Several chemical inhibitors targeting the PI3K pathway have been developed as candidate anticancer
therapies17. Evidence from preclinical and clinical studies suggests that combination treatment with anti-HER2
therapies and PI3K pathway inhibitors may have potential efficacy in HER2+ breast cancers with PIK3CA
mutations18–20. However, clinical proof of concept for these combination therapies requires confirmation in
further studies. Of these novel agents, AKT inhibitors have attracted attention as next-generation PI3K pathway
inhibitors. Ipatasertib is an ATP-competitive small molecule pan-AKT inhibitor (AKT1, AKT2, and AKT3)21,
and clinical proof of concept has been confirmed in a phase II clinical trial in which ipatasertib significantly
improved progression-free survival (PFS) compared with placebo when combined with paclitaxel in patients
with advanced triple negative breast cancers with PIK3CA mutation or PTEN loss22. Taken together, these data
suggest that AKT inhibitors may have clinical potential in combination with anti-HER2 therapy, and that this
combination may overcome the limitations associated with anti-HER2 therapy in patients with HER2+ breast
cancer carrying PIK3CA mutations, and a highly-activated PI3K pathway.
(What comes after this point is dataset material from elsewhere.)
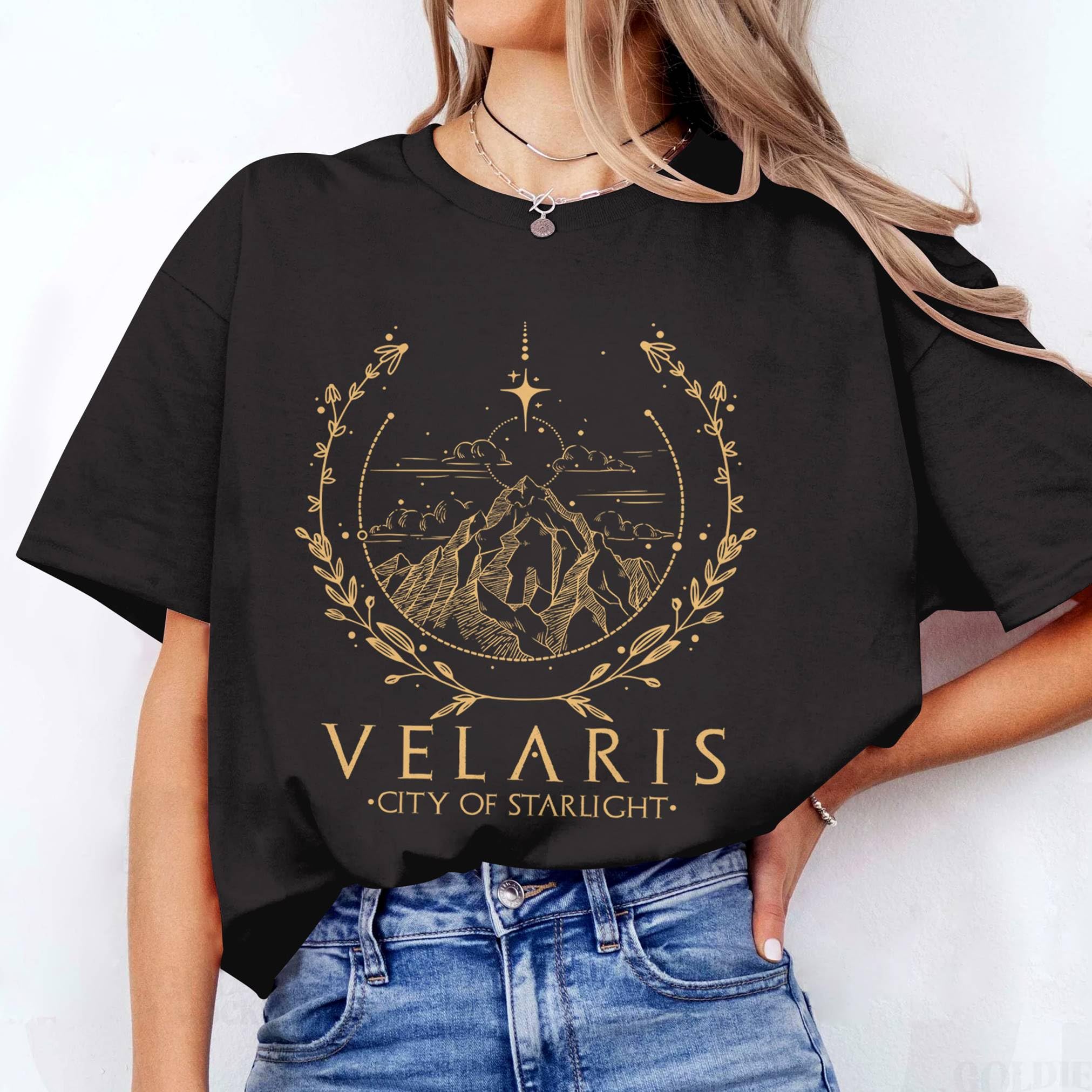 Book Lovers Gifts for Women - Cute Bookish T-Shirts & Novelty Apparel - Perfect for Reading Enthusiasts, Book Club Members & Bibliophiles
In this preclinical study, we investigated combination therapy with small-molecule inhibitors of AKT and
HER2 to overcome limitations associated with anti-HER2 monotherapy in HER2+ breast cancer cell lines with
PIK3CA mutations. We also demonstrated that expression of phosphorylated 4E-binding protein 1 (p4EBP1),
a downstream target of the PI3K pathway, may have potential as an efficacy-linking marker of combination
treatment with AKT and HER2 inhibitors in patients with HER2+ breast cancer with PIK3CA mutations. These
preclinical findings support the therapeutic potential of combination treatment with an AKT inhibitor and HER2
therapies in patients with HER2+ breast cancer carrying PIK3CA mutations.

Results
Analysis of overall survival stratified by PI3K pathway status in patients with HER2+ breast
cancer. Although several trials have reported that patients with PIK3CA mutant have poor prognosis as
previously mentioned, some trials have reported that PIK3CA mutations were not significantly associated with
resistance to anti-HER2 antibody therapies, such as TH3RESA trial treated with trastuzumab emtansin23, and
NeoSphere trial with pertuzumab12. The clinical significance of resistance to anti-HER2 therapies associated
with PI3K pathway activation remains unclear. To evaluate the clinical impact of a constitutively-activated PI3K
pathway in patients with PIK3CA, AKT, PIK3R1 mutation, and PTEN homozygous deletion or mutations, we
retrospectively reanalyzed a large and unbiased clinical dataset of anti-HER2 therapies in the HER2+ metastatic
or recurrent breast cancer patients24 (Supplementary Table S1). Of 186 HER2+ patients treated with anti-HER2
therapy, 44.1% possessed mutations of genes in the PI3K pathway; PIK3CA mutations were the most commonly
observed (Table 1). Patients double-positive for HER2 and ER (HER2+ /ER+) also exhibited a similar frequency
of PI3K pathway alterations (44.9%). The distribution of genomic alterations is shown in Oncoprint (Supple-
mentary Fig. 1). Median OS in HER2+ patients with PI3K pathway alterations was significantly shorter than in
those without PI3K pathway alterations (115.3 vs 79.5 months, respectively; hazard ratio, 1.82; 95% CI, 1.0–3.3;
p = 0.036) (Fig. 1a). In the HER2+/ER+ patients, in addition, the PI3K pathway alternations significantly caused
shorter mOS (115.3 vs 79.0 months, respectively; hazard ratio, 2.10; 95% CI, 1.0–4.5; p = 0.04) (Fig. 1b). These
clinical observations suggest that oncogenic alterations in the PI3K pathway are associated with poor prognosis
in patients with HER2+ breast cancer receiving HER2 therapy.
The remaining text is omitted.